Trailed observed and reconstructed spectra of the Hα and He I emission lines (left two panels) and the standard and inside-out projection Doppler maps (right two panels) of Czev404 Her obtained in April 2019 (top, middle panels) and July 2019 (bottom panels). The circle (solid line) in the Doppler maps marks the tidal limitation radius of the accretion disk. The central spot in the inside-out projection is an artefact.

The trailed spectra of the Hα line in 2019 April clearly show a low-velocity S-wave with an amplitude of about 200 km s−1. The S-wave varies in intensity with orbital phase. It is brighter at 0.0–0.5 orbital phases and diminishes significantly at phases of 0.5–1.0. There is a dip in intensity at the phase about 0.25. The system parameters from Sect. 6 were used to draw the primary and secondary Roche lobes, the ballistic and Keplerian stream trajectories, and the centre of mass of the system in the Doppler maps. The outermost radius of the disk is marked by the solid line circle at V = 630 km s−1 in Fig. 11 and corresponds to the Keplerian velocity at the tidal limitation radius of the disk.
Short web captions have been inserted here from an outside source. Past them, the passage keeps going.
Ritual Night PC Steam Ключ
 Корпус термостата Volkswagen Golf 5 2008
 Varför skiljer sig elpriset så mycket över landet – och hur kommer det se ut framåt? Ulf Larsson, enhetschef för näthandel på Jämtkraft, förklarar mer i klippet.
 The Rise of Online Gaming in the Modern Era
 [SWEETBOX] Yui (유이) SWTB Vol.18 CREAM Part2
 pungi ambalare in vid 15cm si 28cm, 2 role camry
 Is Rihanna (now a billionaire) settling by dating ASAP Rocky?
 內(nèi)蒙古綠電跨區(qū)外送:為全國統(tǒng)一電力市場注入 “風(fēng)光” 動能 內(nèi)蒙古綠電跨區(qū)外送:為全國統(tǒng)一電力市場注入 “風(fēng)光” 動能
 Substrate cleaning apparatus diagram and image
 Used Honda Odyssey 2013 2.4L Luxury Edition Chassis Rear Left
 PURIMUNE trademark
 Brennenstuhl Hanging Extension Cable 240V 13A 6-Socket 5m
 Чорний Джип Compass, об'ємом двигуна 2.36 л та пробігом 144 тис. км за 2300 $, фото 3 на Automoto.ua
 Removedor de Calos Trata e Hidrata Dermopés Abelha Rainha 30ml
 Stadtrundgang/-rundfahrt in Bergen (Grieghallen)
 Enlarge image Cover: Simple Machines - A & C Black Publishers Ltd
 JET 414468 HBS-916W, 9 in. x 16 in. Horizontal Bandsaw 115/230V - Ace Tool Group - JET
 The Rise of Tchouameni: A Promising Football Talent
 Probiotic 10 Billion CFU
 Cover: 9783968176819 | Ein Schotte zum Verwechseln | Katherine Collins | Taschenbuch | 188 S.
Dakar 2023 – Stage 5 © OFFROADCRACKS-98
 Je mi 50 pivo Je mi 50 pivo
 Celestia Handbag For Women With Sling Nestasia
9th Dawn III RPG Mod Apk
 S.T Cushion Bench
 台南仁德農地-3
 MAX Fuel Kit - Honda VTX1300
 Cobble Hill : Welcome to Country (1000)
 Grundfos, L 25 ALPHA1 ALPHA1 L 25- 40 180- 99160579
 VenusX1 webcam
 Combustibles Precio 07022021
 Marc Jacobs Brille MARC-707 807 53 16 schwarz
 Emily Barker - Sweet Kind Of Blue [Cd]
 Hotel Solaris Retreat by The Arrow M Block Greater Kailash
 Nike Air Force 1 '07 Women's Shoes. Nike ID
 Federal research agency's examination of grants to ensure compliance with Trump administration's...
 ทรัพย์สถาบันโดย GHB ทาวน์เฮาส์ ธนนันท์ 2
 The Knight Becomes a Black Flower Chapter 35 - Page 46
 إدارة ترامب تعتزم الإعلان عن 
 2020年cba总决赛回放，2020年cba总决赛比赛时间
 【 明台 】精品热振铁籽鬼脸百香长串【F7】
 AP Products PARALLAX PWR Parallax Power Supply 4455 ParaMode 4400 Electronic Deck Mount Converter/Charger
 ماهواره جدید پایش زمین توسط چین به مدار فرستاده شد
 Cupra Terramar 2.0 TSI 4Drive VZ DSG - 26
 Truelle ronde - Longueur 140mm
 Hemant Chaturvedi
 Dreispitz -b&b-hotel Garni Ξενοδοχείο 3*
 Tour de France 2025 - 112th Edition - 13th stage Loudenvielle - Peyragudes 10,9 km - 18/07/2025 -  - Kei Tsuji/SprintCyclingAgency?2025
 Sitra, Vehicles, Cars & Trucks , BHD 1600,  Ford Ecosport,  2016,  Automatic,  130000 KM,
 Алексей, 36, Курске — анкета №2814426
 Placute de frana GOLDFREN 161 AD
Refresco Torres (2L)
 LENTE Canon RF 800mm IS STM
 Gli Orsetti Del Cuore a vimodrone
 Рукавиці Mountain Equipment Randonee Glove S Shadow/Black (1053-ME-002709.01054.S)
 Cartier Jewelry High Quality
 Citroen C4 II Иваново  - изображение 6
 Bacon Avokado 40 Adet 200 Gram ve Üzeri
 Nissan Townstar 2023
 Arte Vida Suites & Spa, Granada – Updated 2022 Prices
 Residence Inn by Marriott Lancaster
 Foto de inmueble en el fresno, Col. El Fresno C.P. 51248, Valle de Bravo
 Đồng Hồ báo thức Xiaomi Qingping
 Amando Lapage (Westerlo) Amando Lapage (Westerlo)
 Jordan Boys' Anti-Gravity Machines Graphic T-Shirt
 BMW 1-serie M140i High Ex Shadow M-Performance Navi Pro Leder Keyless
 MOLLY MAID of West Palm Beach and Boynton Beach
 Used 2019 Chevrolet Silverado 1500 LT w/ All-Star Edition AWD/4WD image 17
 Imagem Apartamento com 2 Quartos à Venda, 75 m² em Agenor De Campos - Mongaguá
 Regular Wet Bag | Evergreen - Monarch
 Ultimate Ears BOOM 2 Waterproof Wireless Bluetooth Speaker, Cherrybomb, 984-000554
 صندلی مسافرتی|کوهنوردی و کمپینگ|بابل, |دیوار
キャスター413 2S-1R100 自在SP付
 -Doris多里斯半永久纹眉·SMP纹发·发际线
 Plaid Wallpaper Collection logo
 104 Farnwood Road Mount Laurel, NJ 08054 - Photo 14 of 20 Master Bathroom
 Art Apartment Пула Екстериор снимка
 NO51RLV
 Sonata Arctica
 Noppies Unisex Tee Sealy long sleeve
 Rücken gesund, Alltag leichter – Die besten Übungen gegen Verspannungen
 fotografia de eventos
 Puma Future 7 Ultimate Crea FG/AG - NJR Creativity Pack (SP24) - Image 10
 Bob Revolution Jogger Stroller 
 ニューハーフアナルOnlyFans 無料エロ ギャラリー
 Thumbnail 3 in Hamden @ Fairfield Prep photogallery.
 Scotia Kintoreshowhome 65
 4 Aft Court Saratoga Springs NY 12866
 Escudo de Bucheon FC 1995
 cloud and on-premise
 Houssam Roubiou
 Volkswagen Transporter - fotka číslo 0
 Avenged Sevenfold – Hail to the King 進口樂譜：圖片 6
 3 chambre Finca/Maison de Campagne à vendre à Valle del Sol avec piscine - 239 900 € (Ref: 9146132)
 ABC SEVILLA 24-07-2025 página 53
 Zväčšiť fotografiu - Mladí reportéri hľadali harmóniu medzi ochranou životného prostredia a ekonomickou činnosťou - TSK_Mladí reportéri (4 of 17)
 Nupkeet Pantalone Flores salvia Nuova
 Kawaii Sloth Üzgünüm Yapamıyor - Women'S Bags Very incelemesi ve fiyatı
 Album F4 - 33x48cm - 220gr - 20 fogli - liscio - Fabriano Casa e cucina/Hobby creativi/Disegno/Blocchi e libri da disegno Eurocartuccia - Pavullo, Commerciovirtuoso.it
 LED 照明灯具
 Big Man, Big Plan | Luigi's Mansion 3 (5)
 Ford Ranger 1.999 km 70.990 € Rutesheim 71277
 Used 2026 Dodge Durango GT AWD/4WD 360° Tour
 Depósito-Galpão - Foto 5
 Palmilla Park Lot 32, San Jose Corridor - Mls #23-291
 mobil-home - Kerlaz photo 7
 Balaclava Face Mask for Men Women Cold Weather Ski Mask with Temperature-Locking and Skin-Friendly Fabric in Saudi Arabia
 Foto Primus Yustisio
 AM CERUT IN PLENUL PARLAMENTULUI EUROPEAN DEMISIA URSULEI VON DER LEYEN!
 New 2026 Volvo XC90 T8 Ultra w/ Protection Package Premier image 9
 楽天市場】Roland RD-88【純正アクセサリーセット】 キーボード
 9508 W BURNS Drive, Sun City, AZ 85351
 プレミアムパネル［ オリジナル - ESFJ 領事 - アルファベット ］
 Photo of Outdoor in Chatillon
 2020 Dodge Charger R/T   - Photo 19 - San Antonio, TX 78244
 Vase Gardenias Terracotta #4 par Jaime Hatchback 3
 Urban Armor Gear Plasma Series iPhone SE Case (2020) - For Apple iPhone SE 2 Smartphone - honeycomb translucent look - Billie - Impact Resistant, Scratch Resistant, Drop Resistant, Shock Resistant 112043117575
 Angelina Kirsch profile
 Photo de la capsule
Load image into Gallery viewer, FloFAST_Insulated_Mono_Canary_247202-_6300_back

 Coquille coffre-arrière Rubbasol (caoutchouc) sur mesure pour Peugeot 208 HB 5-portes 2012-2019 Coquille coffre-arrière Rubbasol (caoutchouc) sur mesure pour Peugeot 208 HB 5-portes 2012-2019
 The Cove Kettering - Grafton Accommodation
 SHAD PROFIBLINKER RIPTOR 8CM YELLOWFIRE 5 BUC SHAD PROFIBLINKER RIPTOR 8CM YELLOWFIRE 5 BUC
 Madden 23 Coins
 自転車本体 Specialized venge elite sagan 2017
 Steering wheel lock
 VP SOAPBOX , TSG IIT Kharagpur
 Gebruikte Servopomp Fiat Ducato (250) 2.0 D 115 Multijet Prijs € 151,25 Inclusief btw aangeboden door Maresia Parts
The maps look unusual for an SU UMa-type system11 presenting a bright spot at the low velocity of Vx ≈ −200 km s−1, Vy ≈ 0 km s−1 in the standard, and the V ≈ 600 km s−1, θ ≈ 170° in the inside-out projections. The disk-stream impact hot spot is in SU UMa-type systems typically located inside the disk at or between the continuation of ballistic or Keplerian trajectories. However, in the case of Czev404 Her, the velocity of the spot does not correspond to the expected position. It is below the lowest Keplerian velocity in the accretion disk.

The disk is poorly expressed in the standard projection compared to the inside-out view (the spot in the centre of the maps is an artefact of the inside-out projection). A similar picture is observed in He I trailed spectra and Doppler maps where the spot and disk are less pronounced. The brightness variation of the S-wave in He I is also different from that in Hα. The S-wave varies with the same phases, but has two dips in the intensity at orbital phases close to 0.25 and 0.8. In data from July 2019, when the object brightness was about one magnitude lower than in April 2019, we obtained a similar Hα map, but at lower intensity levels for its details. From this fact, we conclude that only the brightness of the accretion disk changed, but the accretion flow structure remained the same.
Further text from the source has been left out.